Economical, practical, flexible family car
New clutch pipe. Due to poor fitment by the previous owner as opposed to any manufacturer defect.
I can't believe this car is 16 years old. And the design is even older. It has features that aren't available on most new cars. Full electrics. Power steering. Power/folding mirrors. Permanent 4 wheel drive. Sliding rear door. Fully folding and sliding rear seat for increasing rear leg room or boot space.

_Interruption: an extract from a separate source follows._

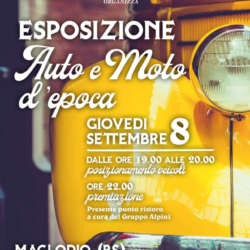 Esposizione Auto e moto d'epoca - Maclodio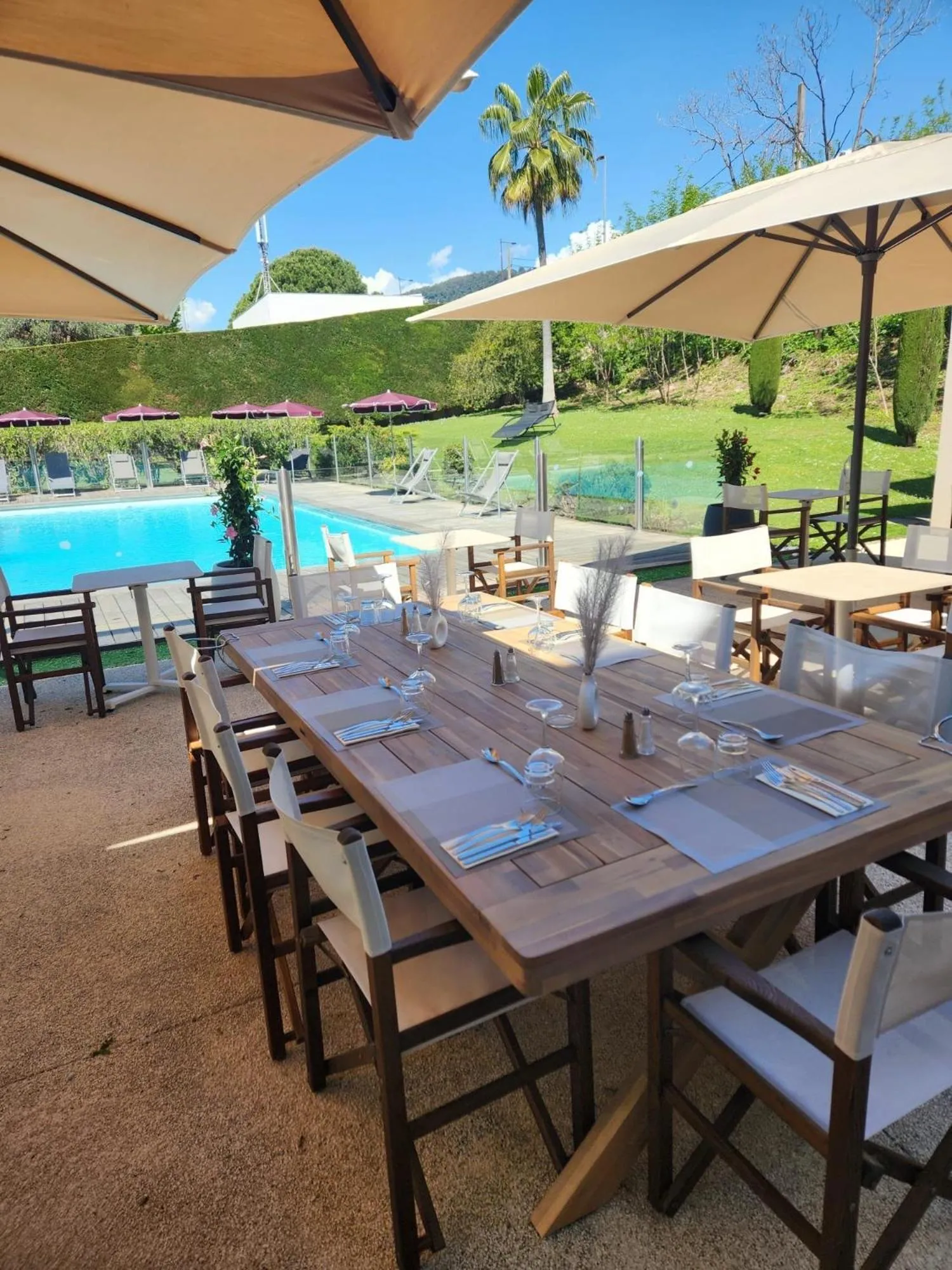 Balcony/Terrace in Best Western PLUS Elixir Grasse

Front and rear legroom is huge. Even for the driver. I'm 6ft 2, but am all in the leg, and fully extending the seat rail, I can barely touch the pedals! I have never seen that in any other car I have driven. The seats are a bit Recaro like and very supportive, and due to the sitting up driving position, they are extremely comfortable over long distances. I would have got cramp or numb bum in other cars I have had, but not in the RVR. Only 2 seats in the back, but have extra armrests and a storage cupboard in which I intend to fit a fridge. I think there are 5 seat versions. 12v power sockets in the front, rear and boot. The sliding rear door is great for access in ever smaller car parking spaces, especially for getting baby seats and babies in and out. The sliding rear seat offers great flexibility over legroom and bootspace. Even sat in the middle, it offers a vast amount of both.
For a design nigh on 20 years old, it hides its years well, and compared to other cars of the year by the mainstream manufacturers, it still looks good. Matt black nudge plastics (like the the current jacked up Skoda's/VW's/Audi's/Volvo's) and chrome A-bar / nudge bar.
On the road:
The driving position is high compared to most cars, and I find that I am shoulder to shoulder with drivers of most 'soft roaders', although to look at, you wouldn't think it is that high. And even though it's a relatively tall car, body roll is minimal. Though this is no sports car, it does handle really well.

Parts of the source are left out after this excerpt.